Que vous dire d'autre, à part que je l'ai tellement adoré dès le début que je l'ai dévoré en une nuit ? Que l'humour fait toujours partie des ingrédients ? Que l'action commence dès la trentaine de pages ? Que les événements perturbateurs s'accumulent très vite et se sont multipliés depuis le dernier livre ? Qu'Artemis Fowl doit non seulement faire travailler ses matières grises, mais aussi ses muscles et son endurance ? Qu'il n'y a plus de règles, que tout est permis, que c'est à chaque fois plus dangereux ? Que nos personnages principaux — Artemis, Butler, Holly, Root et Foaly — n'ont pas le contrôle de la situation, mais cherchent seulement à le récupérer ?
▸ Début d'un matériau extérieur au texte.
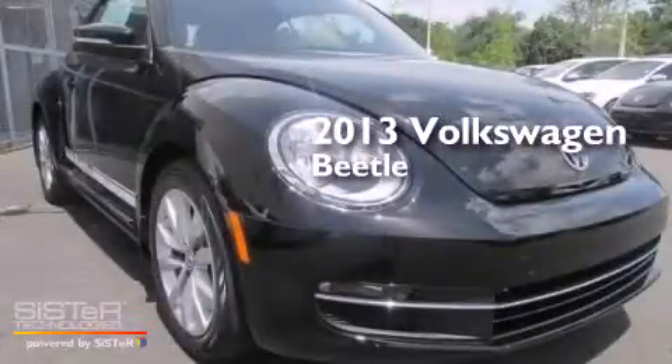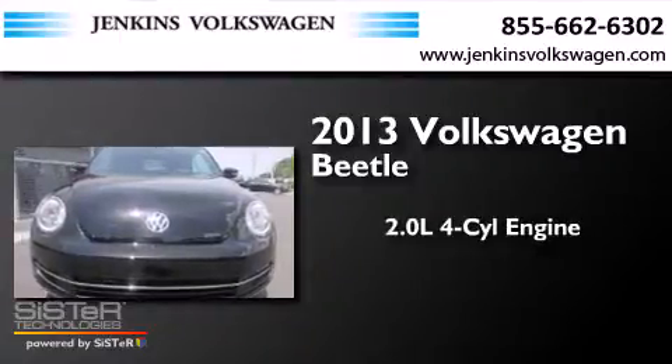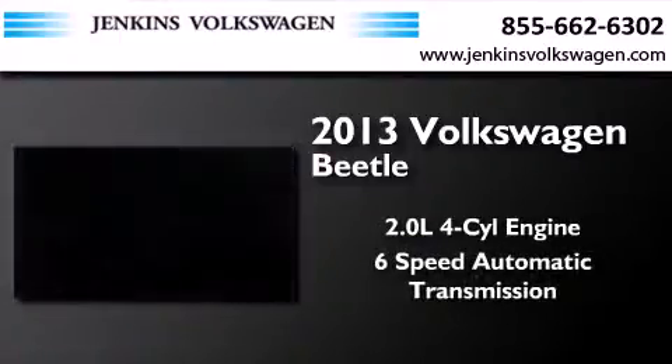This is a brand new 2013 Volkswagen Beetle. It features a 2.0-liter four-cylinder engine and a six-speed automatic transmission.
Beaucoup de choses ont changé, en effet. Ou bien se sont rajoutées. Beaucoup de choses qui valorisent ce roman un peu plus encore et qui amènent une évolution chez nos personnages.
Résumé et extraits d'Artemis Fowl : Mission Polaire
Un petit résumé le plus complet possible pour vous avant les extraits :
Artemis se retrouve entre deux événements qui surgissent pratiquement en même temps : la mafiya russe a retrouvé son père, porté disparu depuis deux ans et présumé mort, et demande une rançon. Sauf qu'elle s'arrange toujours pour qu'il n'y ait jamais de survivant à la fin. Et dans le monde souterrain des fées, un trafic d'armes humaines compromettant pour le monde entier (de la « surface » à ses « entrailles ») suppose qu'Artemis, le seul « Être de Boue » (appellation des fées pour « humain ») connaissant l'existence des fées, est derrière tout ça. Artemis, pour la première fois, n'aura pas le contrôle de tout cela. En tout cas, pas vraiment…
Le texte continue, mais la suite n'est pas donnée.